The Big Hit

The Big Hit is a fairly enjoyable movie, if you're willing to check your brain at the door. Melvin Smiley (Mark Wahlberg of Marky Mark and the Funky Bunch fame) is a hit man with a serious self-esteem problem: he can't stand being disliked by anyone. He is therefore taken advantage of by all his acquaintances: his fiancee Pam Schulman (Christina Applegate), his money-grubbing girlfriend Chantel (Lela Rochon), and his hit buddies Cisco (Lou Diamond Phillips), Crunch (Bokeem Woodbine), and Gump (Robin Dunne). As a result, he ends up being short on cash and reluctantly joins a kidnapping scheme planned by Cisco to raise some fast capital.

The kidnapping itself goes smoothly, but then things start to fall apart when the kidnappee, Keiko Nishi (China Chow), is discovered to be the god daughter of Paris (Avery Brooks), the hit men's boss. Unaware that Cisco is really behind the kidnapping, Paris makes Cisco personally responsible for finding the kidnappers.
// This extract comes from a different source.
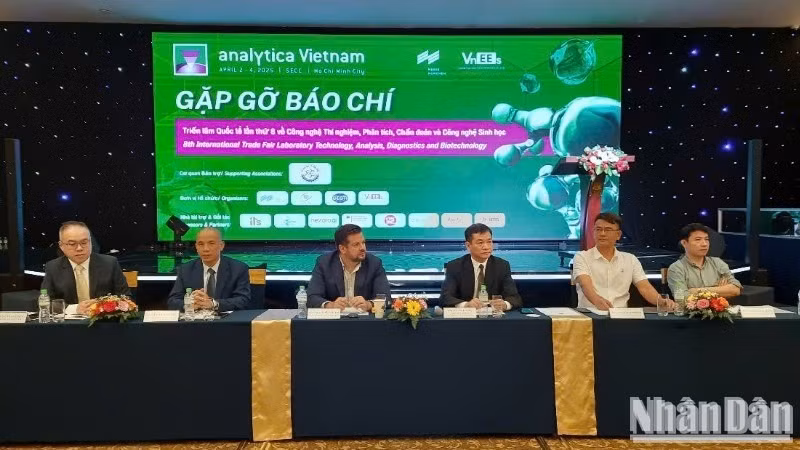 Ban Tổ chức thông tin nội dung Triển lãm Analytica Vietnam 2025.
Cisco then tries to frame his co-workers to escape Paris' wrath, but he finds Smiley, who suddenly sheds his psychological problems aside, a tough customer to deal with. Complicating the matter for Smiley is the fact that his relationship with Pam is on the verge of breakup, Keiko falls for him and wants to run away along with him, and his girlfriend Chantel is about to leave town with all his money.

The energy in the film is high and that's the best part. The action sequences are choreographed well, but unlike most other movies done in this "Hong Kong" style (the Director is Che-Kirk Wong and John Woo is one of the executive producers), the time spent on such sequences is much too short and, for lack of a better word, Hollywood-ised.

The film's attempts at humour work sometimes and fail miserably at others. All such attempts, from the body bag jokes to Crunch's newfound low-maintenance lover have their moments, but it's either already been done, taken too far, or not explored adequately. There is very little correlation between the action and the comedy which, given the style of the movie, is highly incongruous. Even though there is some clever parody and satisfactory toilet humour, it is present mostly in the dialogue and not in the action sequences, which is also incongruous. A nice idea, which could be pursued more thoroughly in a more sophisticated movie is one where people are shown getting out of impossible situations by the means of an action replay, which in hindsight is shown to be quite plausible.

Wahlberg's portrayal of Melvin Smiley is what makes this is a difficult movie to watch. He doesn't come off as quite the blundering fool he's supposed to be, but neither does he have the charisma of a Jackie Chan or an Arnold Schwarzenegger, for that matter. Come to think of it, John Cusack, who also played a hit man in Grosse Point Blank, would've been a much better choice for Smiley's role. Lou Diamond Phillips is great as a villain, hamming it up Gary Oldman style. The rest of the characters don't do much. I thought most of the music in the actual film was unnecessarily bad, and I actually missed the rap version of Stayin' Alive which was played in the commercials for the film.

The Big Hit, I suspect, is going to be one in a long line of movies from Hollywood that attempt to capitalise on the market share of Hong King action/comedy genre, and I think it's going to be even worse than the current obsession with film noir. It remains to be seen what the relative ranking of The Big Hit will be when all the dust settles. And that's the truth, even if you can't handle it. Worth the matinee fare.